Instructions to follow —
For the material below, the expected output is exactly the lines between the line holding "Spacious bedroom with" and the line holding "Ultimate Private Miami", inclusive, with pictures left out.

Data supplied —
########
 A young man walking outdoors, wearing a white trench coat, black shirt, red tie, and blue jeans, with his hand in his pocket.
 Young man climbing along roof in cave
########
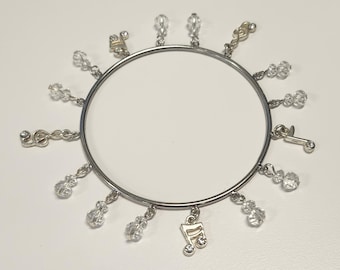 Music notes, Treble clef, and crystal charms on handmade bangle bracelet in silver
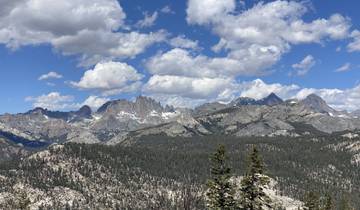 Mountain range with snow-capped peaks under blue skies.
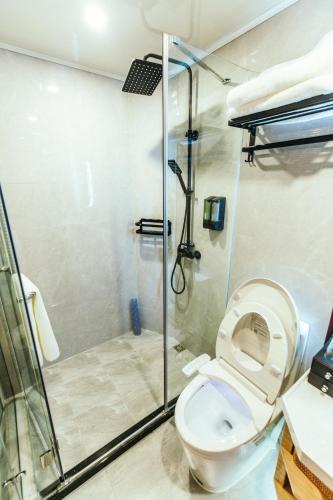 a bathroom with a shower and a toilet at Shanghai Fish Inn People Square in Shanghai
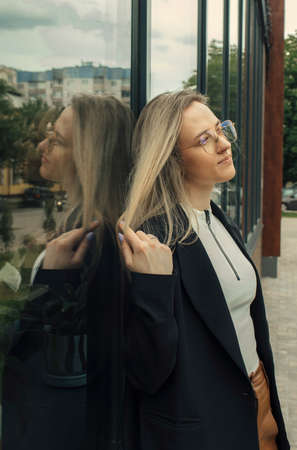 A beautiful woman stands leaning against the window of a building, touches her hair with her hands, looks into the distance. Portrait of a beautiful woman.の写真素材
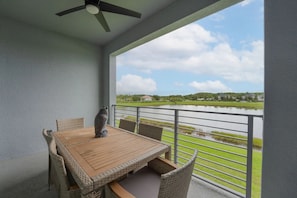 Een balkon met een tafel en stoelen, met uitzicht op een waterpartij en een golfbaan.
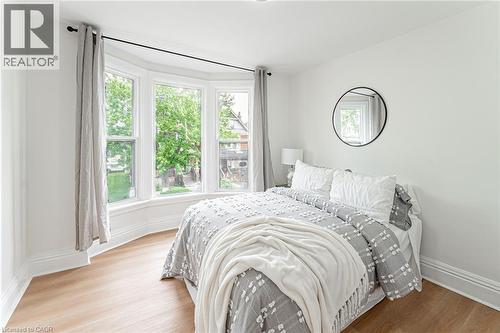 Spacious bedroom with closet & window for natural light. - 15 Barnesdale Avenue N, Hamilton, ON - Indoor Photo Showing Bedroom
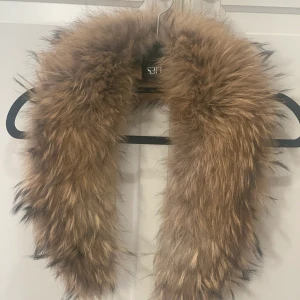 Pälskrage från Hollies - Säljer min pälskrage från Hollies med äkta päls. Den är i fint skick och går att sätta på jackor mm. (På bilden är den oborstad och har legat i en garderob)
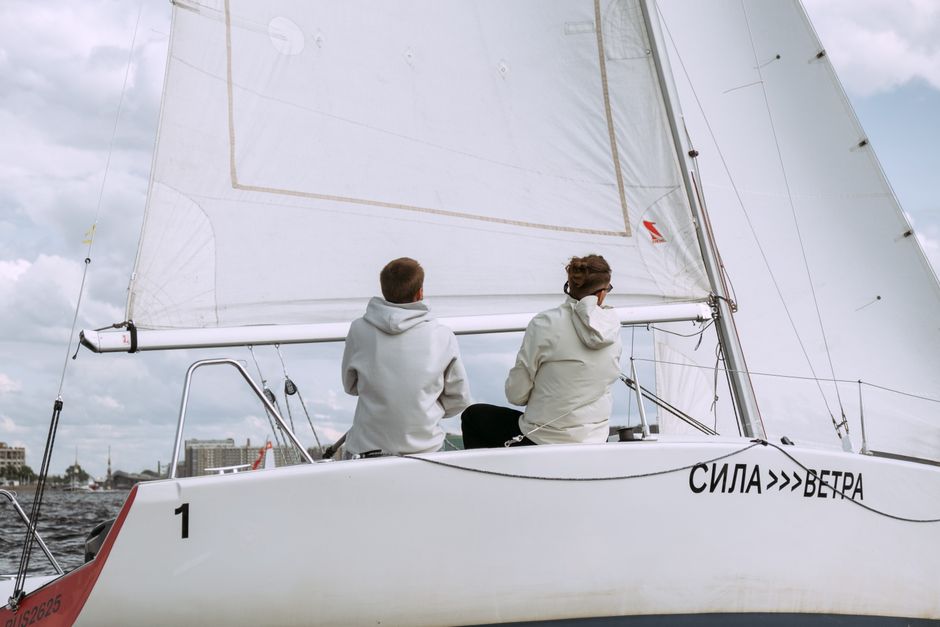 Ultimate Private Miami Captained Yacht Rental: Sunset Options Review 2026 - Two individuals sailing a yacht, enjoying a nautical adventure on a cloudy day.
########
Answer to the problem —
 Spacious bedroom with closet & window for natural light. - 15 Barnesdale Avenue N, Hamilton, ON - Indoor Photo Showing Bedroom
 Pälskrage från Hollies - Säljer min pälskrage från Hollies med äkta päls. Den är i fint skick och går att sätta på jackor mm. (På bilden är den oborstad och har legat i en garderob)
 Ultimate Private Miami Captained Yacht Rental: Sunset Options Review 2026 - Two individuals sailing a yacht, enjoying a nautical adventure on a cloudy day.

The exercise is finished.